Combining data from multiple sources to model the same parameter

Hi,
My question is not just related to Stan; it is also a statistical problem that I don’t fully understand, but I know that often some you modelers who are much more talented than me often write up detailed examples of modeling procedures and provide accompanying code in Stan (example). These examples have helped me out a lot, and I’m hoping that someone is interested in taking on this problem in a similar manner.
My problem is that I have two different datasets that provide information about a response variable, and I have no reason to believe that either dataset is better than the other (at least not in all instances). Here is a paper that deals with this issue.
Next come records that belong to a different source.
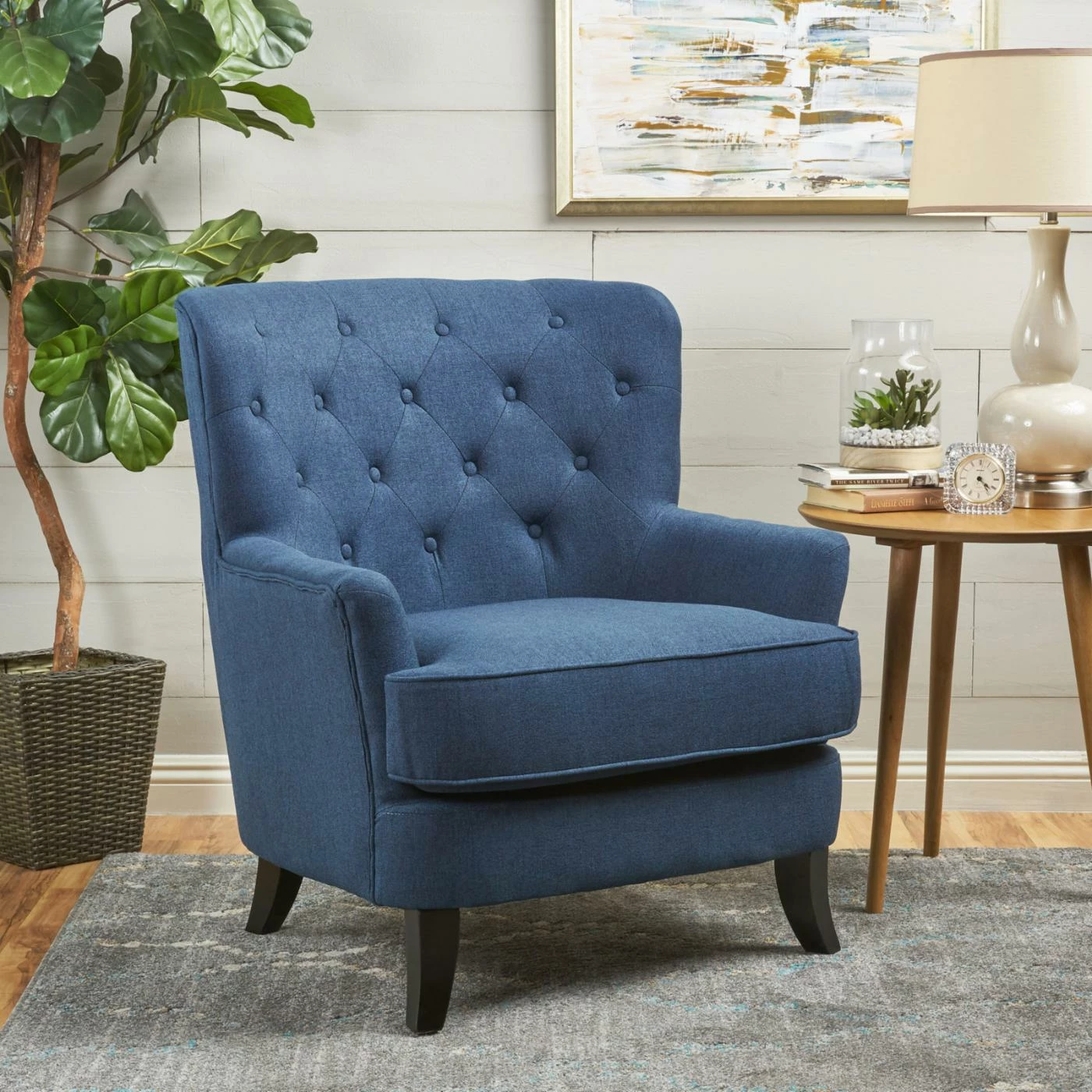 Brand new โ๏ธ Best Selling Home Arm Chairs Anikki Tufted Navy Blue Fabric Club Chair ๐ - Image 2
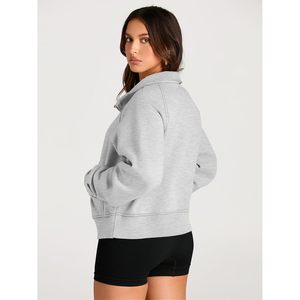 <b>Women's</b> Light Gray <b>Half</b> <b>Zip</b> Regular <b>Sweatshirt</b> Stand Collar Pullover Solid Color Knitted Cotton Blend Printed Anti-Wrinkle - Product Image 2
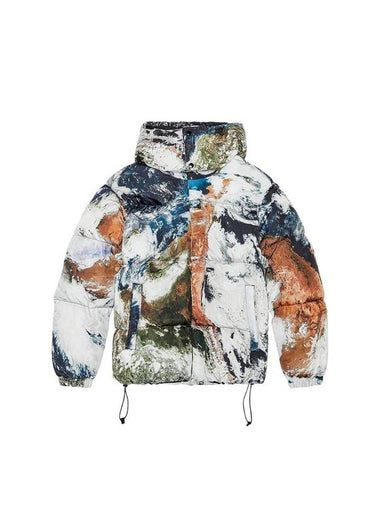 Padded Jacket Planet Print Black White - DIESEL - BALAAN 1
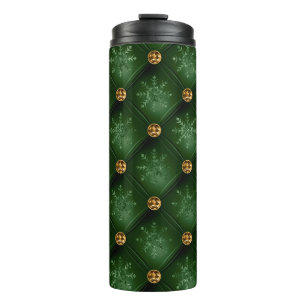 GRÜNE & GOLD TUFTED LOOK CHRISTMAS FERIENPATTER THERMOSBECHER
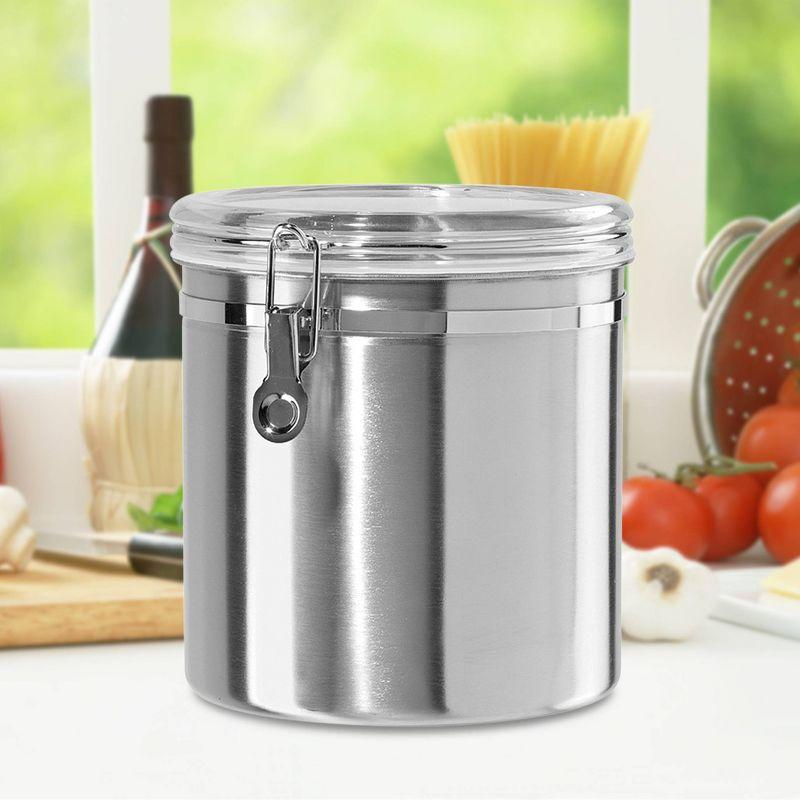 Jumbo Stainless Steel Clear Kitchen Canister with Airtight Lid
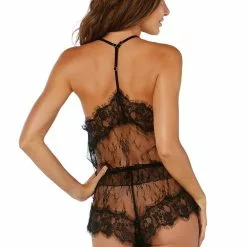 Dreamgirl Black Lace Chemise And French Knicker Set -Stockings Shop Mayfair Stockings12171 Black Back 4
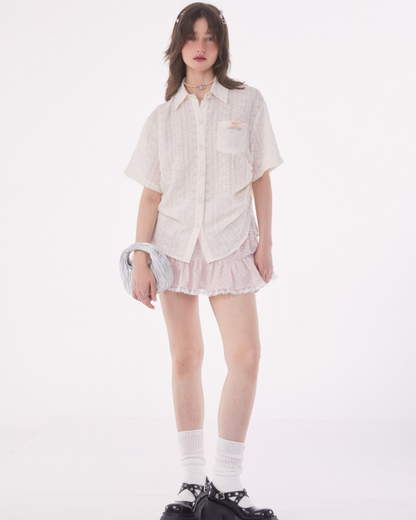 Retro Lace Short Sleeve Shirt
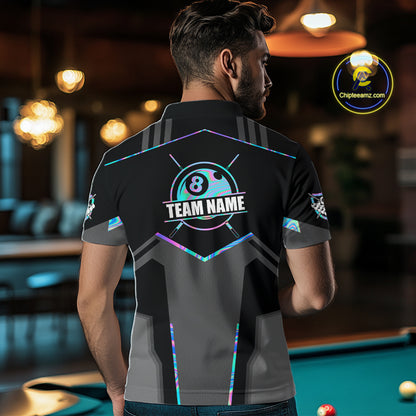 Holographic 8 Ball Billiard Jersey For Men Custom Polo & 1/4 Zip Billiard Shirts, Pool Team Shirt TDM5882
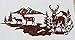 Buck with Does, Deer Mountain Scene Metal Wall Art Country Rustic Decor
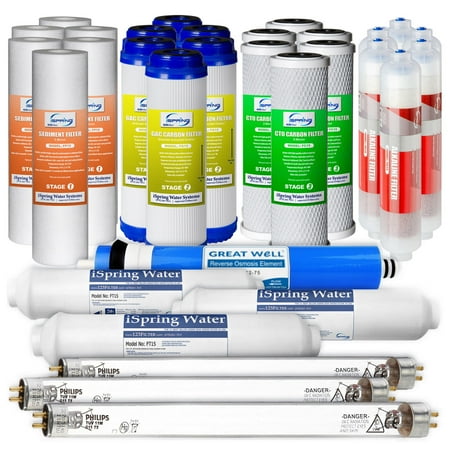 iSpring F31KU75 3-Year Set for 7-Stage UV Alkaline Reverse Osmosis Water Filter Fits RCC7AKUV, 31Pcs, 10X2.5, White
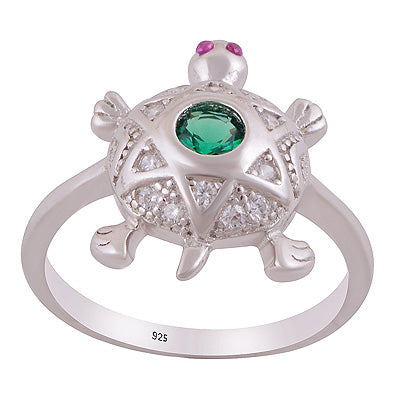 Alluring Turtle Cz Gemstone Studded Around Cubic Zirconia Round Shape 925 Sterling Solid Silver Ring - R1002527-19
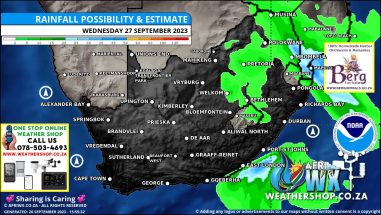 Southern Africa Weather Forecast Maps Wednesday 27 September 2023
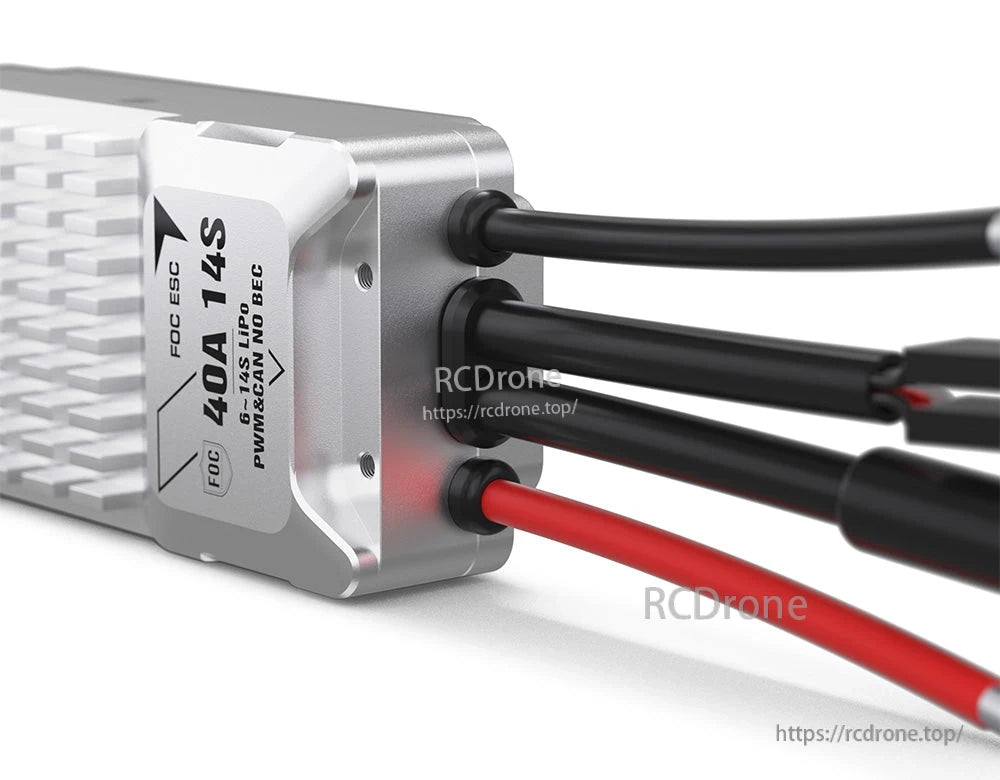 T-Motor V40A 14S UAV ESC, T-Motor V40A 14S FOC UAV ESC with heatsink and integrated wiring, labeled 6–14S LiPo PWM/CAN no BEC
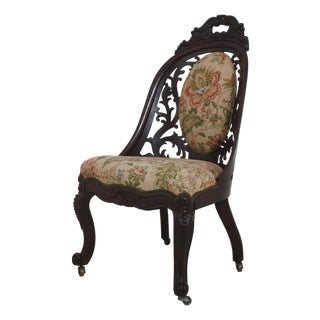 Antique Victorian Belter Walnut Small Scale Accent Chair For Sale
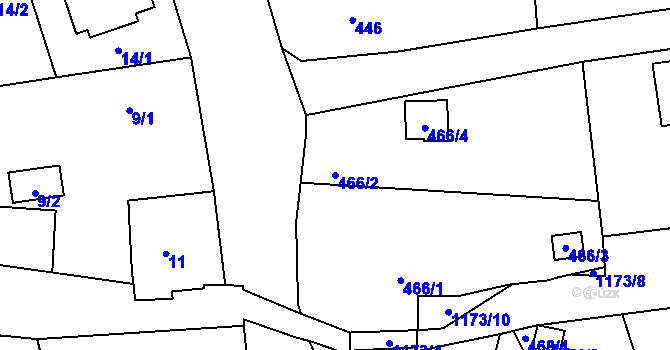 Parcela st. 466/2 v KÚ Velké Hoštice, Katastrální mapa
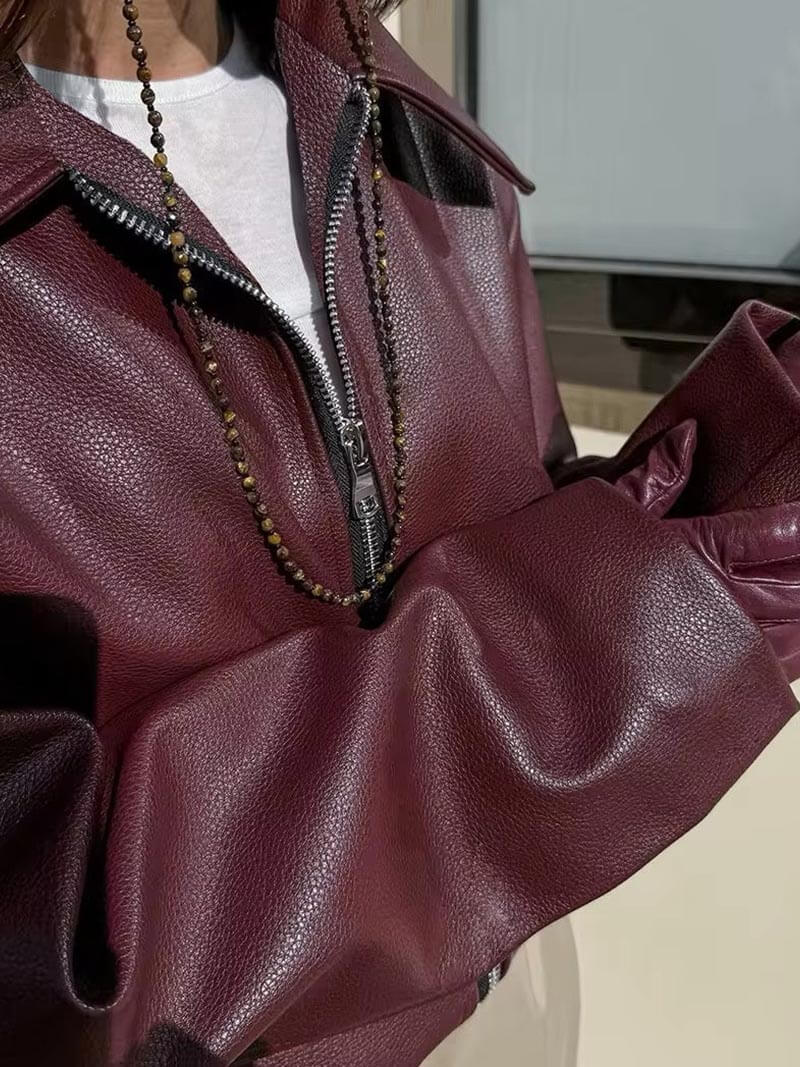 Feja – Veste Zippée Effet Cuir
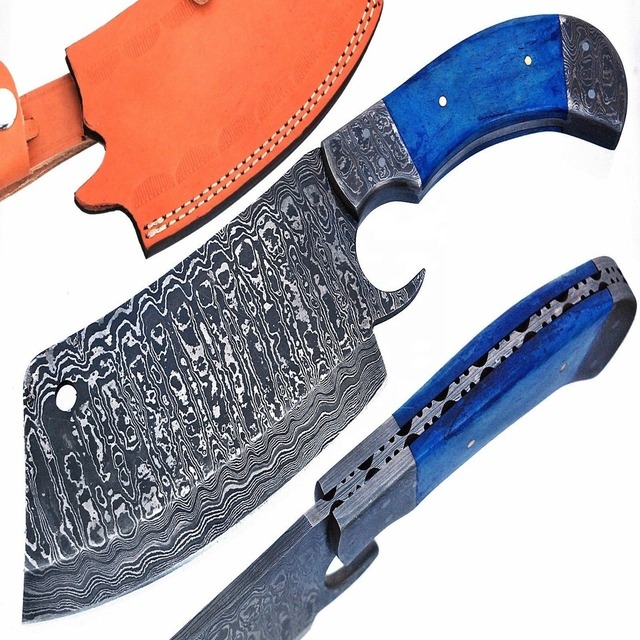 Custom Handmade Damascus Steel Kitchen Chef Knife Clever Knife Out Standing Edge Color Handle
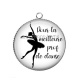 Pendentif Cabochon Argent - pour la meilleure prof de danse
They outline a modeling procedure for dealing with multiple data sources, but if you look at the section METHODS: Shared model, they define their latent Z parameter using two different data sources (two different Y values). It seems to me like there is an identifiability issue here, but I have not found many other relevant examples of combining data sources to evaluate the same latent variable in the literature.
If anyone has the desire to write this up as a modeling/Stan example I would greatly appreciate it. I’m sure that others have a similar issue and they would appreciate this as well.
Thank you,
Mikey

1 Like

This is both fine and often a good idea, especially if the two measurements differ in their ability to inform different parameter estimates. If the two datasets are somehow interdependent you might need to model but that doesn’t sound like your situation.